Dite pure addio a Joe Frazier, come un giorno lo diremo a Muhammad Alì, a George Foreman o Mike Tyson. Ma tranquilli, non sarà mai un addio. Ci saranno sempre, come continuano ad esserci Joe Louis e Sugar Ray Robinson o, per noi italiani, Primo Carnera e Duilio Loi. E anche Sandro Mazzinghi e Nino Benvenuti, che sono ancora vivi. Solo gli sprovveduti pensano che gli eroi muoiano, che le leggende non sopravvivano, che il tempo faccia scolorire il ricordo, che parlare di pugni e pugili porti alla noia, o che le storie della boxe non siano eterne. Così belle, intriganti, affascinanti, tragiche e contorte da bersi tutte d’un fiato.
Qualcuno avrà già intuito il limite. Parliamo solo al passato. È vero: presente e forse il futuro non appartengono a questo sport, ai suoi atleti. Anche se i pugili non mancano, le Olimpiadi ne traggono forza e attenzione. Ma oggi provate a dire il nome di un boxeur noto e trascinante. Provate a ritrovare un campione trasversale, quello che... basta la parola. Sarebbe una dura prova anche per gli addetti ai lavori. Invece il tempo di Frazier e Alì era tutto un ribollire: sport e mafia (americana), pugni e pupe.

Ma soprattutto campioni universali. Se oggi ci sono Ronaldo e Messi, Schumacher, Alonso, LeBron James, Usain Bolt, allora c’erano loro: non temevano concorrenza. Non l’avrebbero temuta neppure da questi che, al confronto, sono nanetti. Muhammad e gli altri erano emblemi dello sport, non di uno sport. Difficile che, ancor oggi, qualcuno al mondo non conosca Alì, così capitò con Ray Sugar Robinson. La grandezza di un atleta si misura soprattutto quando esce dal suo universo e viene recepito da altri mondi. Joe Frazier, pur nell’ombra di Alì, è diventato uno di loro.
Gli anni Settanta, ma potremmo tornare anche più indietro, ci hanno regalato campioni del ring e personaggi ad eterno ricordo. Erano grandi per natura, non per marketing. Anche Messi è un grande, intendiamoci, ma non sarà mai come Maradona o come Alì e il club dei nasi schiacciati nell’immaginario collettivo.

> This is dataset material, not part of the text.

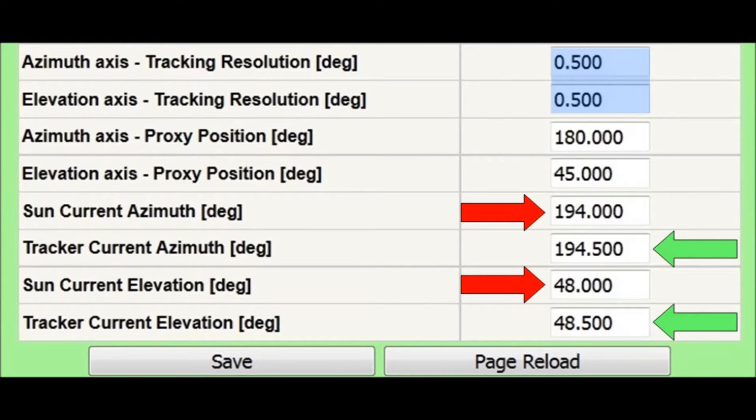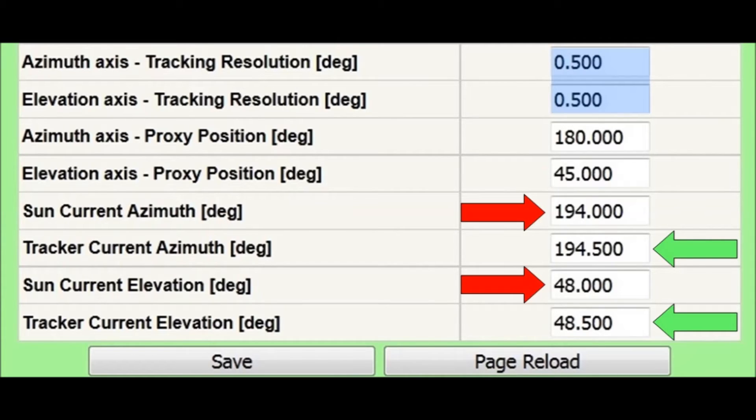As you can see, the tracking resolution parameter is set for both axes to half degree. Therefore, the system places the tracker within the chosen value as tracking resolution.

Quei personaggi ce li siamo cullati, adorati, glorificati grazie alle imprese e senza l’assillante luce accesa della televisione. Bastavano buoni articoli da leggere, belle foto e un pizzico di fantasia che ingrandiva il personaggio. Oggi parliamo di spot e di sport. Le tv forse rimpiccioliscono, anziché ingrandire. Ci portano le stelle, sempre e dovunque, troppo vicine. Troppo sponsorizzate, nel senso ampio del termine.
E questa è forse l’unica rivincita che la boxe può prendersi sullo sport di oggi. Non ha campioni, ma una strabiliante Hall of fame naturale. Raccoglie vivi e morti. Anzi, non fa morire mai i suoi campioni.

E Joe Frazier, in questi giorni, lo ha dimostrato.